I don’t know. I try not to compare myself with others. How similar or different my writing is from other authors is very subjective. Contemporary fantasy authors I like to read are Randy Alcorn and Lois Lowry. An Undiscovered Christian fantasy author who I like and predict someday will be well known is Janalyn Voigt. Classical fantasy authors I enjoy are C.S. Lewis and JRR Tolkien. My favorite book of all time is Pilgrim’s Progress. After reading books by these authors, I find myself admiring their talent—and inspired. I hope someday to write a book that will touch others the way their books have touched me.
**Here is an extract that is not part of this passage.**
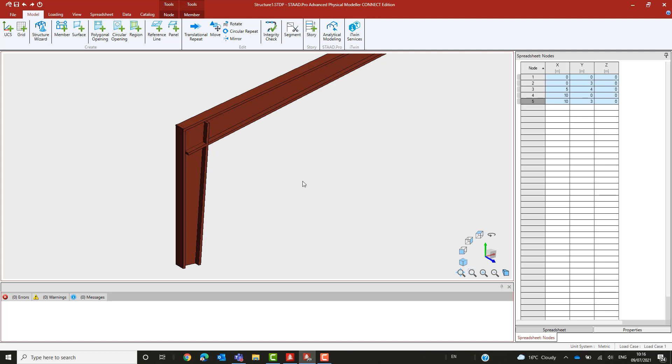Analytical connectivity is retained by introducing rigid links similar to that when manually putting in member offsets. Now the physical model is ready for the rest of the structure to be added and the loading assigned, but those we will cover in other videos.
I have a story to tell. The Bible says in Luke 19:37-40, as Jesus neared Jerusalem, the multitude of disciples rejoiced and praised God with a loud voice. When the Pharisees asked Jesus to rebuke His disciples, He answered, “I tell you, if these were silent, the very stones would cry out.”
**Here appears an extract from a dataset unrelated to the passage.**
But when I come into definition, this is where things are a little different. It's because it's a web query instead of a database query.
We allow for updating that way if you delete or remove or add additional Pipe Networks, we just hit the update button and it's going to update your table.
If I don’t write, I will go to my grave with regret. I know God made me to write and writing draws me near to His presence. I must write or I’ll feel like I missed out on God’s perfect will for my life.

He has redeemed too much of my past not to share it—either through fiction or nonfiction. When God blesses us, He expects us to give those blessings away. If we don’t use the talents He gives us, He might take our gift or gifts and give them to someone else. I would hate to stand before my Savior and see His scarred wrists and confess, “God, it was too hard. It was too heavy a burden to bear.” Never! As long as I am breathing and not demented, I will write and share what God has done—through whatever story or means He imparts on my heart. Whether anyone reads my books is an outcome I don’t control. I can only control the process—writing, and that’s what I love doing most.




Please visit Robin Johns Grant and Katherine Harms on May 26, 2014, for the next stop on the tour.

Meet Katherine Harms: Katherine and her husband Larry live aboard a bluewater cruising sailboat and cruise the east coast and the Bahamas. It is the perfect writing environment. In 2008, she published Oceans of Love, a collection of meditations based on biblical texts that refer to oceans and water. That same year she wrote her first blog post. She experimented with varieties of blogging topics and blog hosting options. Currently she writes four blogs, of which Living on Tilt is the flagship.

Katherine has published articles in several magazines including The Lutheran, Christ in Our Home, Cruising World, and Living Aboard. Her only novel, Hannah’s Journal, won third place in the Christian Writers Guild’s First Novel Contest in 2004. Since that time, she has focused primarily on nonfiction. She also writes materials for worship and faith formation such as guides for worship, prayer vigils and Bible study.

In addition, she edits book-length manuscripts and provides mentoring for writers. Internet and phone services maintain her availability to her clients in most locations.
Katherine’s current work in progress is Thrive! Don’t Just Survive: a Guide for Christian Interaction with a Secular Culture.


Meet Robin Johns Grant: Robin Johns Grant has been writing for most of her life. In fact, she's been following her publishing dream so long that she crowned herself The Queen of Perseverance on her blog, where she encourages other weary dreamers.
While waiting for her writing to pay off, she wrote and edited university publications, managed an office for a firm of private investigators, and worked as a university financial aid counselor. She also did a lot of crazy fan stuff and developed fascinations with books and movies like Harry Potter and Star Wars, which helped her dream up Jeanine and Jamie for Summer's Winter.
With a degree in English and a mid-life crisis coming on, she returned to school and earned a master's degree in library and information science in 2005. She now has her best day job ever as a college librarian, which keeps her young by allowing her to hang out with students.
Robin lives in Georgia with her wonderful husband Dave and formerly feral feline, Mini Pearl. She is also surprised to find herself part owner of a wonderful pit bull puppy named Pete who showed up as a stray at her mom's house.